**EXERCISE GOAL:**
Lines from the one with "ONE PIECE ルフィ海賊団セットのサムネイル" to the end of the material, both included: print them exactly and print nothing else. Omit the pictures.

**RECORDED INFORMATION:**
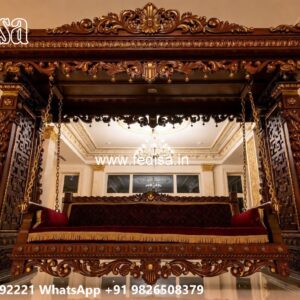 Royal Swing Design with Decorative Hanging Features No-5726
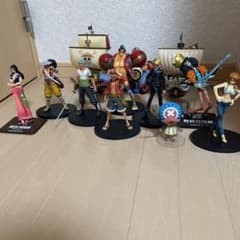 ONE PIECE ルフィ海賊団セットのサムネイル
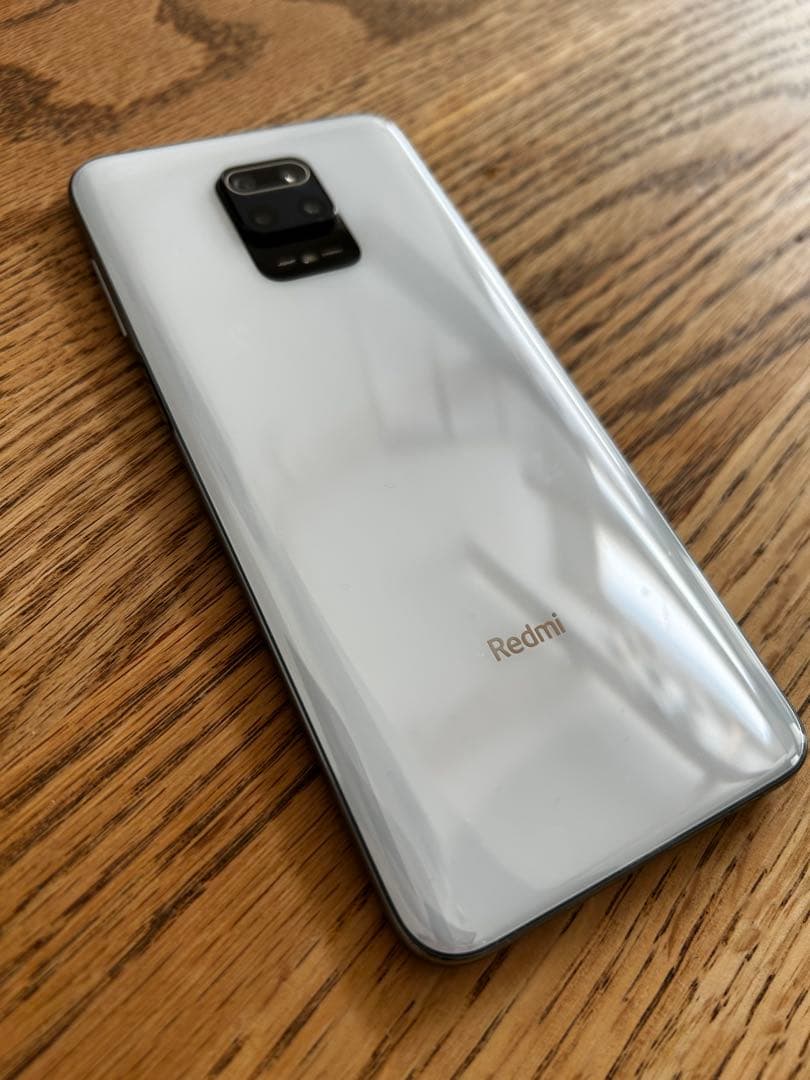 Xiaomi Redmi Note 9S Glacier White/128GB - メルカリ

**COMPLETED TASK:**
 ONE PIECE ルフィ海賊団セットのサムネイル
 Xiaomi Redmi Note 9S Glacier White/128GB - メルカリ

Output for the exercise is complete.